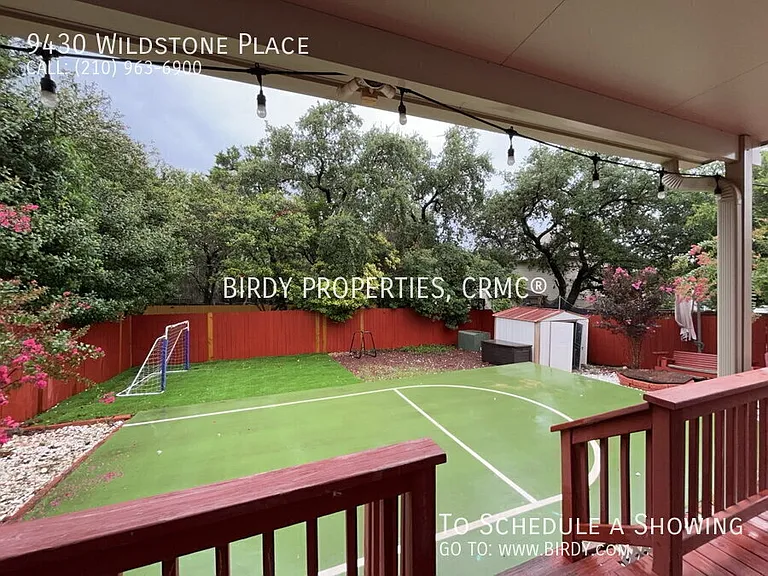 9430 Wildstone Pl — Photo 42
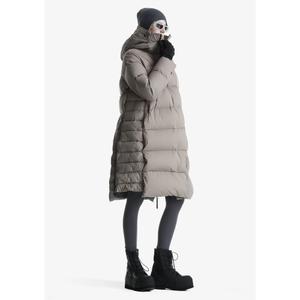 product/k/r/krakatau_qw503_-85_taupe_4.jpg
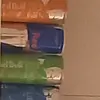 violetarider - @violetarieder - TikTok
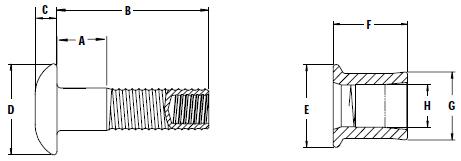 Huck Inner Drive �h(hu��n)���TᔽY(ji��)��(g��u)�D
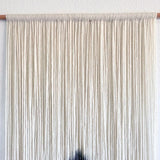 wall tapestry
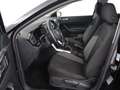 Volkswagen Polo 1.0 TSI Life | Adaptive cruise | Carplay | File As Nero - thumbnail 4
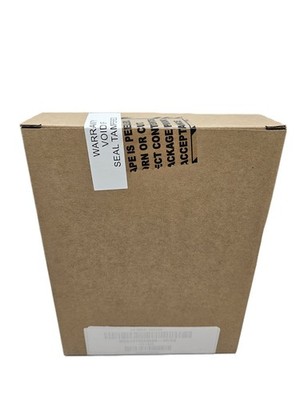 WD Elements Portable 2TB Drive  WDBU6Y0020BBK-WESN (RECERTIFIED) *SEALED* (READ)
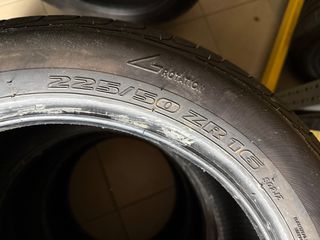 225/50/16 BRIDGESTONE S-02-thumb-3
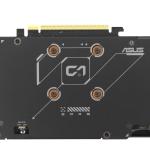 Asus Dual Radeon RX 9060 XT 8GB GDDR6 Ekran Kartı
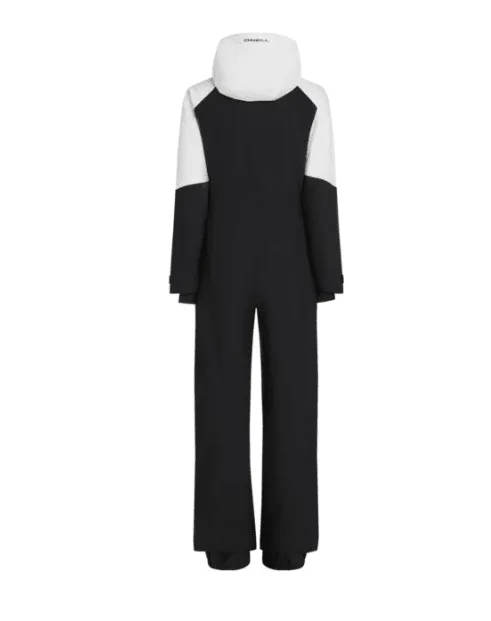 O'Neill Women's FWC Play Snowsuit - Image 2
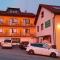 Landhotel SONNENHOF MotorradKrauk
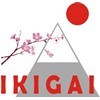 Judoschool IKIGAI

Problem to work on:
Make an exact copy of the records above, one that has none of the pictures.

Worked solution:
 9430 Wildstone Pl — Photo 42
 product/k/r/krakatau_qw503_-85_taupe_4.jpg
 violetarider - @violetarieder - TikTok
 Huck Inner Drive �h(hu��n)���TᔽY(ji��)��(g��u)�D
 wall tapestry
 Volkswagen Polo 1.0 TSI Life | Adaptive cruise | Carplay | File As Nero - thumbnail 4
 WD Elements Portable 2TB Drive  WDBU6Y0020BBK-WESN (RECERTIFIED) *SEALED* (READ)
 225/50/16 BRIDGESTONE S-02-thumb-3
 Asus Dual Radeon RX 9060 XT 8GB GDDR6 Ekran Kartı
 O'Neill Women's FWC Play Snowsuit - Image 2
 Landhotel SONNENHOF MotorradKrauk
 Judoschool IKIGAI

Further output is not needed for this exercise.